2) In our city, the wife of every doctor is highly educated.

3) In our city, all doctors' wives are highly educated.

4) In our city, the wives of all doctors are highly educated.

5) In our city, all the doctors' wives are highly educated.

6) In our city, the wives of all the doctors are highly educated.

Which of these imply that all the doctors in our city are married?

None of them. They only refer to doctors who have wives. They leave out single doctors and doctors with husbands.


Which couldn't be used if there were unmarried doctors in our city?

They can all be used, regardless of whether there are unmarried doctors or doctors with husbands.


Gratefully,
Navi
All your sentences are grammatical. None includes all the city's doctors. They only include doctors with wives.
 
You're asking whether in sentences 1, 3, and 5 every applies to doctor or wife, right? You've written them as deliberately ambiguous, haven't you?

If every applies to doctor, it means that all doctors are married. There are no unmarried doctors.
If every applies to wife, it doesn't mean that all doctors are married. There may be unmarried doctors, or doctors who are married to husbands.

In 2, 4, and 6 it applies to doctor only. That means that all doctors are married in those sentences.

The application of the reference word the has no bearing on the logic.
 
. . . If every applies to doctor, it means that all doctors are married. There are no unmarried doctors. . .
Are you sure? The way I read the sentences, all of them are about every doctor's wife, not every doctor: Is there a doctor's wife who isn't well educated? No, there isn't. All of the wives of doctors are well educated.

I do see what you mean: The even-numbered sentences might be asking us to assume that all the city's doctors have wives. But isn't there a bit of room for ambiguity in the phrasing? And every doctor having a wife is hardly possible. So I feel more secure understanding them to mean the same thing as the odd-numbered sentences.
 
Are you sure? The way I read the sentences, all of them are about every doctor's wife, not every doctor

Sentences 1, 3, and 5 were deliberately written to be ambiguous. I agree that it would be silly to interpret that the sentence is about every doctor rather than every wife, but that's what Navi Tasan is wondering—is such an interpretation semantically possible? Yes, it is.

every [doctor's wife]
[every doctor]'s wife


This is just an exercise in logic and semantics. The OP is not particularly interested in usage.
 
Thank you all very much,

Yes, Jutfrank is right. I was trying to find out the logic of the sentences. I was trying to find out how the syntax works. My examples were not very good, since we have homosexual doctors and women doctors. But Jutfrank, knowing my obsessions, managed to figure out what I was looking for.

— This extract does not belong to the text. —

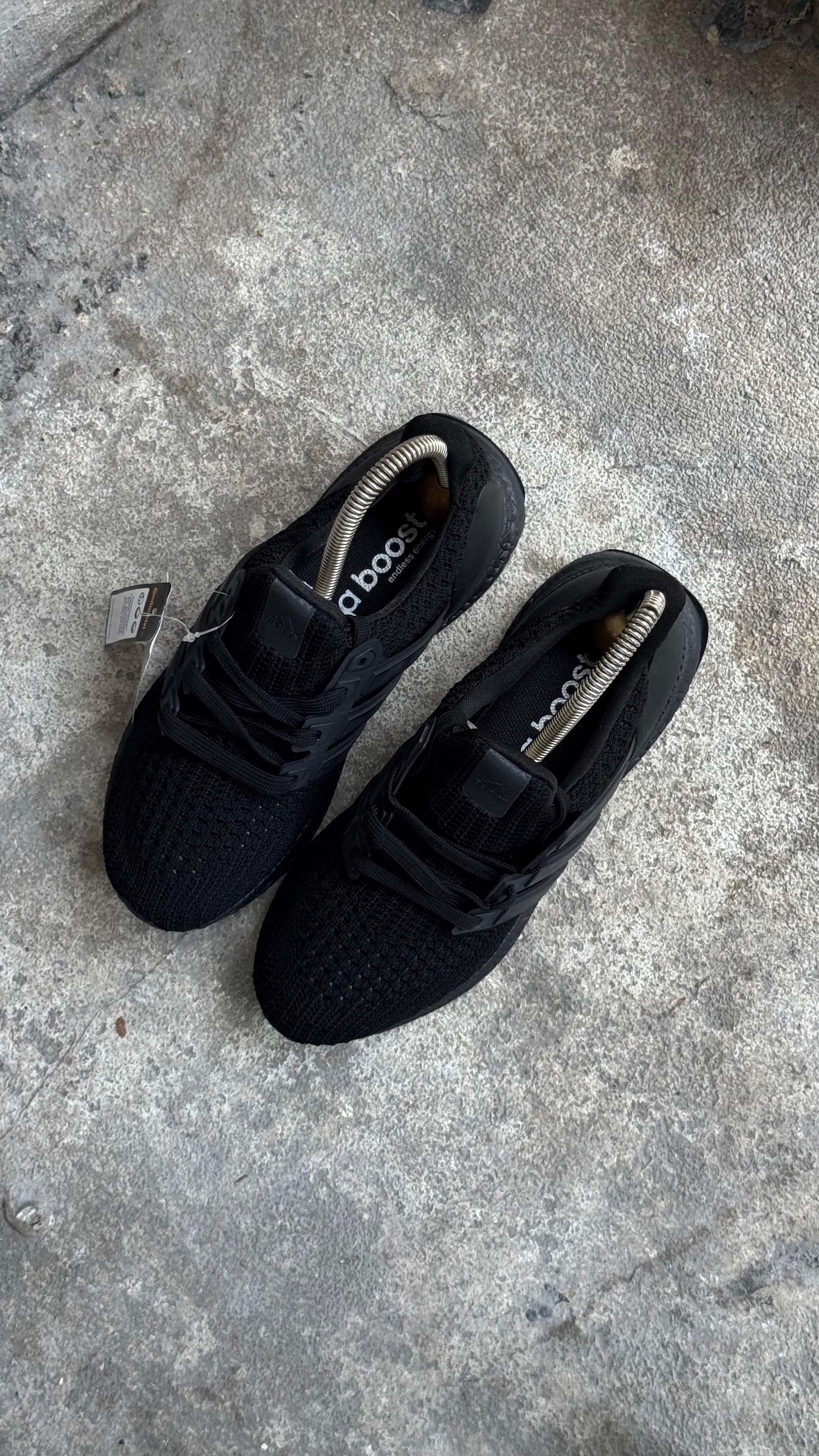 ADIDAS ULTRABOOST CLASICO NEGRO PROMO - Image 2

I didn't construct the sentences to be ambiguous. I had the feeling that 2, 4 and 6 were not ambiguous, and the other three were. But I wasn't sure. I had written something and someone corrected me. I had used a sentence similar to the unambiguous ones where I actually needed my sentence to be ambiguous and someone corrected me. I couldn't figure out why that person had corrected what I had written. I agree that in context very few people will notice any problem with any of the sentences, but I think Jutfrank has figured out exactly what is going on here. So I think from a strictly syntactic point of view Jutfrank is correct, but in practice there's probably room for ambiguity in all of these cases.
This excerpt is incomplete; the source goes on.